Davacı işçinin fazla çalışma yapıp yapmadığı konusunda taraflar arasında uyuşmazlık bulunmaktadır.
Fazla çalışma yaptığını iddia eden işçi bu iddiasını ispatla yükümlüdür. Ücret bordrolarına ilişkin kurallar burada da geçerlidir. İşçinin imzasını taşıyan bordro sahteliği ispat edilinceye kadar kesin delil niteliğindedir. Bir başka anlatımla bordronun sahteliği ileri sürülüp kanıtlanmadıkça, imzalı bordroda görünen fazla çalışma alacağının ödendiği varsayılır.
Fazla çalışmanın ispatı konusunda işyeri kayıtları, özellikle işyerine giriş çıkışı gösteren belgeler, işyeri iç yazışmaları delil niteliğindedir. Ancak, fazla çalışmanın yazılı belgelerle kanıtlanamaması durumunda tarafların, tanık beyanları ile sonuca gidilmesi gerekir.

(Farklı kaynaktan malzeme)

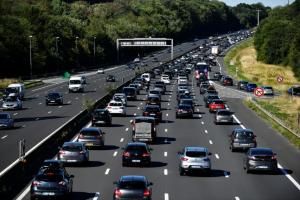 Rouler en chargeant sa batterie : deux solutions de « route électrique » testées en France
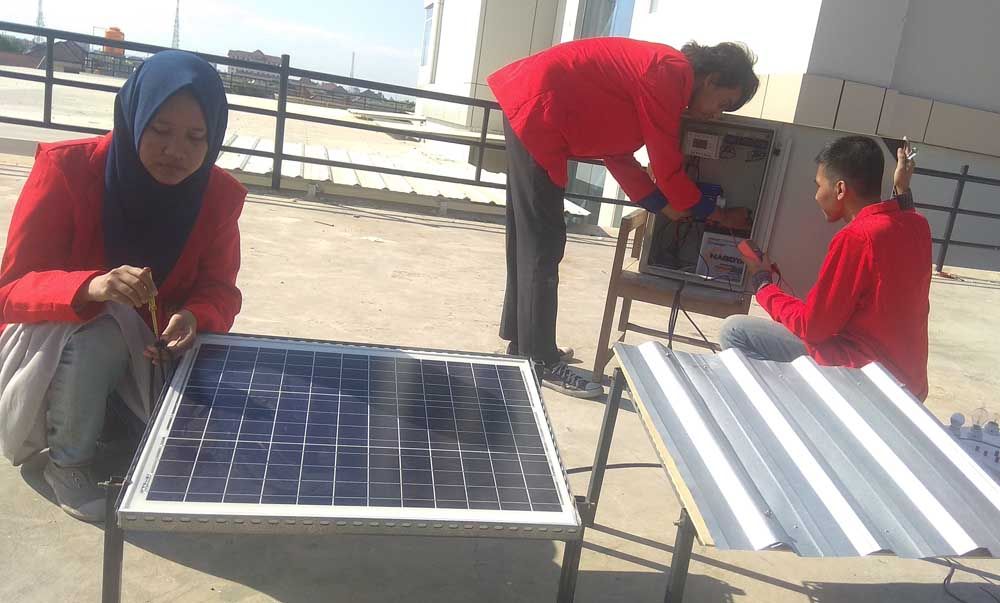 Ketiga mahasiswa Untag bikin ide pembangkit Listrik tenaga Raja Singa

Bunun dışında herkesçe bilinen genel bazı vakıalar da bu noktada göz önüne alınabilir. İşçinin fiilen yaptığı işin niteliği ve yoğunluğuna göre de fazla çalışma olup olmadığı araştırılmalıdır.
İmzalı ücret bordrolarında fazla çalışma ücreti ödendiği anlaşılıyorsa, işçi tarafından gerçekte daha fazla çalışma yaptığının ileri sürülmesi mümkün değildir. Ancak, işçinin fazla çalışma alacağının daha fazla olduğu yönündeki ihtirazi kaydının bulunması halinde, bordroda görünenden daha fazla çalışmanın ispatı her türlü delille yapılabilir. Bordroların imzalı ve ihtirazi kayıtsız olması durumunda, işçinin bordroda belirtilenden daha fazla çalışmayı yazılı belge ile kanıtlaması gerekir. İşçiye bordro imzalatılmadığı halde, fazla çalışma ücreti tahakkuklarını da içeren her ay değişik miktarlarda ücret ödemelerinin banka kanalıyla yapılması durumunda, ihtirazi kayıt ileri sürülmemiş olması, ödenenin üzerinde fazla çalışma yapıldığının yazılı delille ispatlanması gerektiği sonucunu doğurmaktadır.
İş sözleşmelerinde fazla çalışma ücretinin aylık ücrete dahil olduğu yönünde kurallara sınırlı olarak değer verilmelidir. Dairemiz, 270 saatle sınırlı olarak söz konusu hükümlerin geçerli olduğunu kabul etmektedir.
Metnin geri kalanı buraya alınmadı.